Top of MATERIAL FOR THE TASK

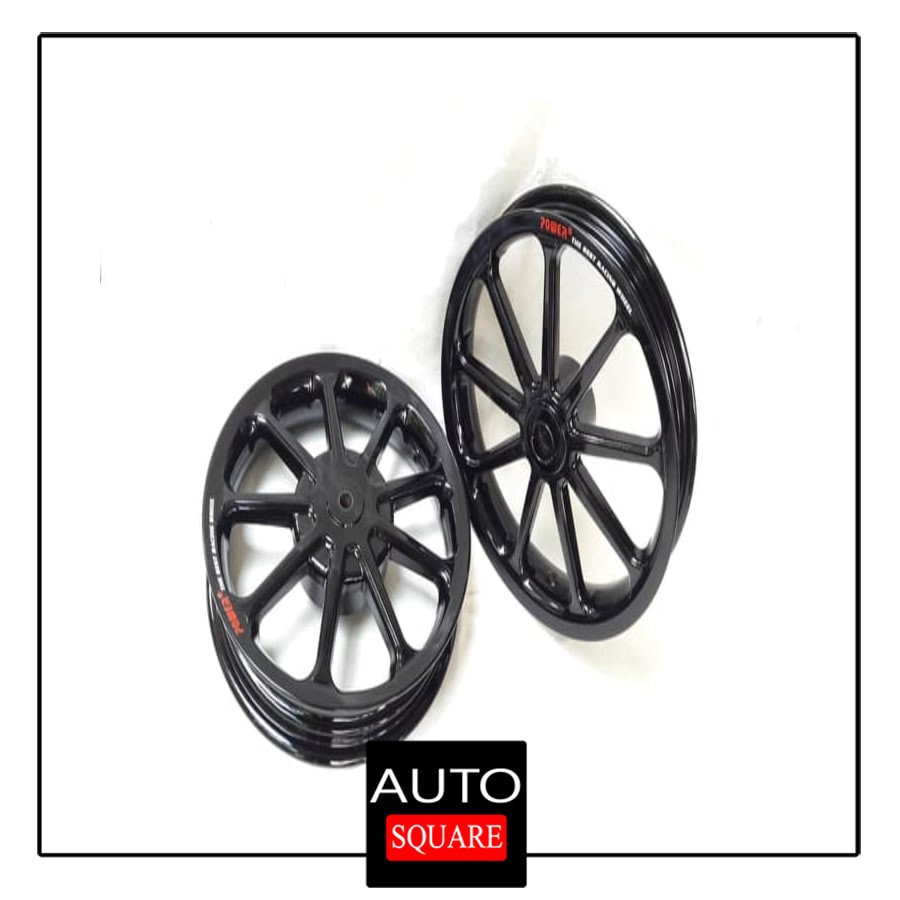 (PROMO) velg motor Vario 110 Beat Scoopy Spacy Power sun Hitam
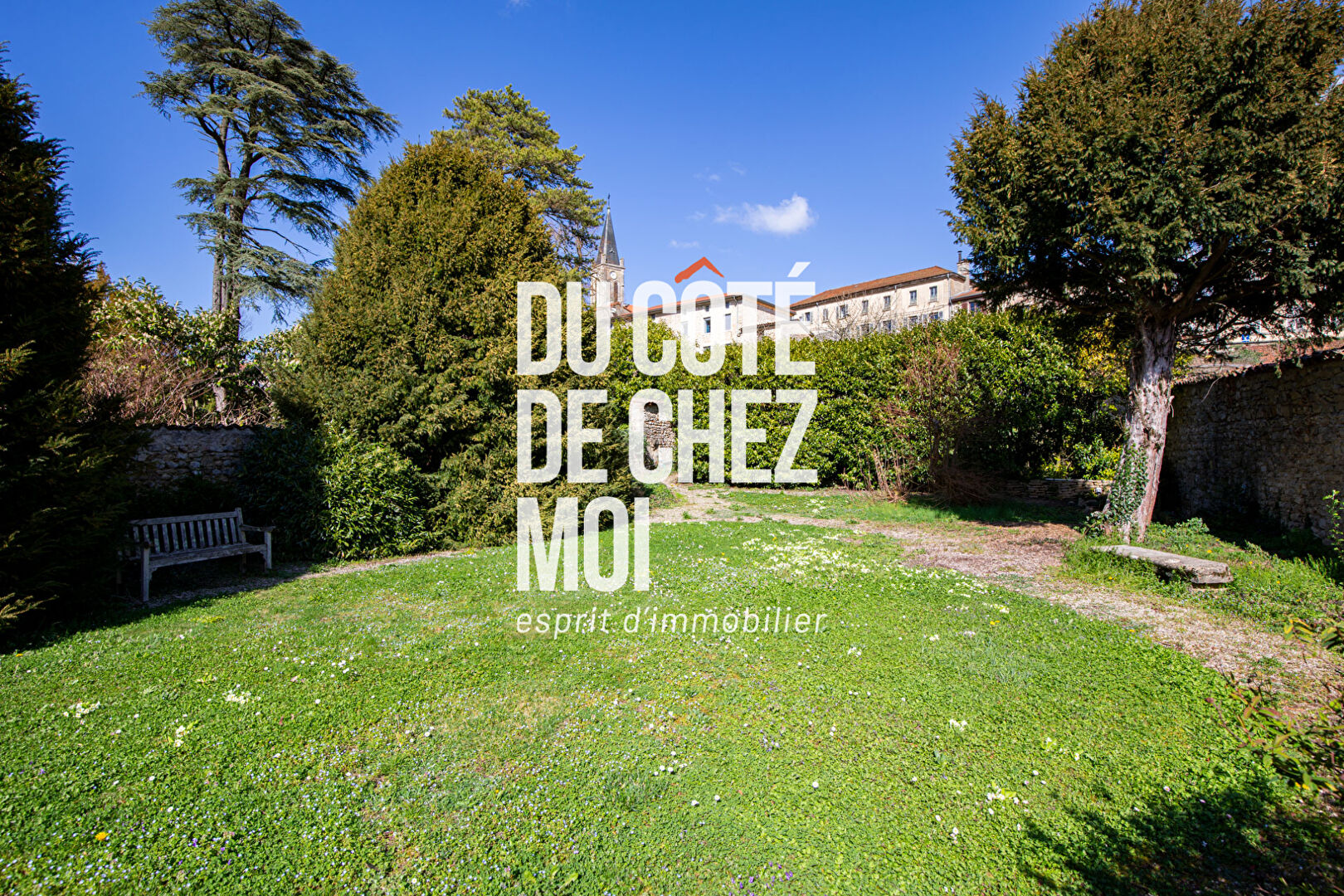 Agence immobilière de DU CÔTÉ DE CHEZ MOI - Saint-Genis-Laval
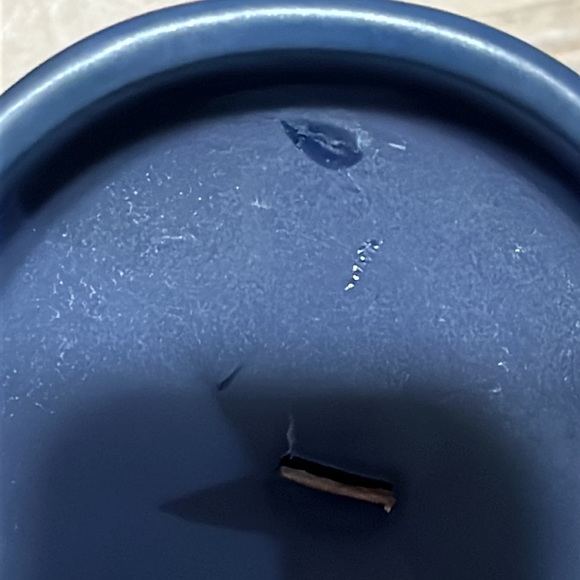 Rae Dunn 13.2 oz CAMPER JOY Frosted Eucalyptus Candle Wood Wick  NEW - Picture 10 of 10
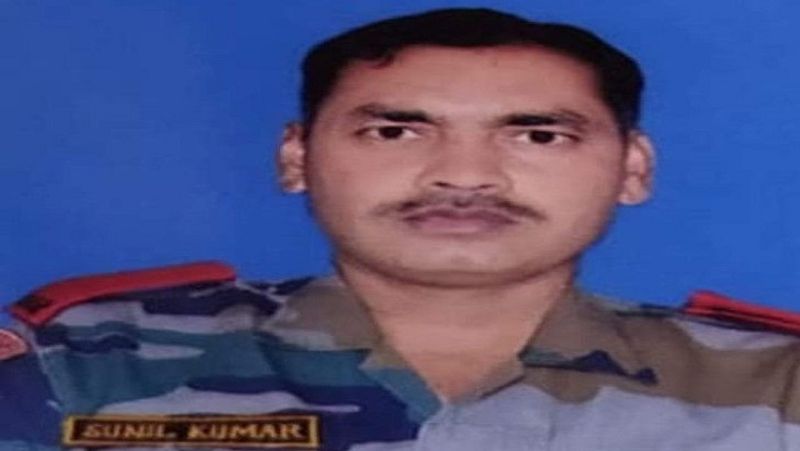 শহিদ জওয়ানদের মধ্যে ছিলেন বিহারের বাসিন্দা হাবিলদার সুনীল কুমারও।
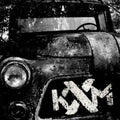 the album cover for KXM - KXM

Bottom of MATERIAL FOR THE TASK

With the pictures left out, copy exactly the lines from the line holding "Agence immobilière de" through the final line of the records, including both.

TASK ANSWER:
 Agence immobilière de DU CÔTÉ DE CHEZ MOI - Saint-Genis-Laval
 Rae Dunn 13.2 oz CAMPER JOY Frosted Eucalyptus Candle Wood Wick  NEW - Picture 10 of 10
 শহিদ জওয়ানদের মধ্যে ছিলেন বিহারের বাসিন্দা হাবিলদার সুনীল কুমারও।
 the album cover for KXM - KXM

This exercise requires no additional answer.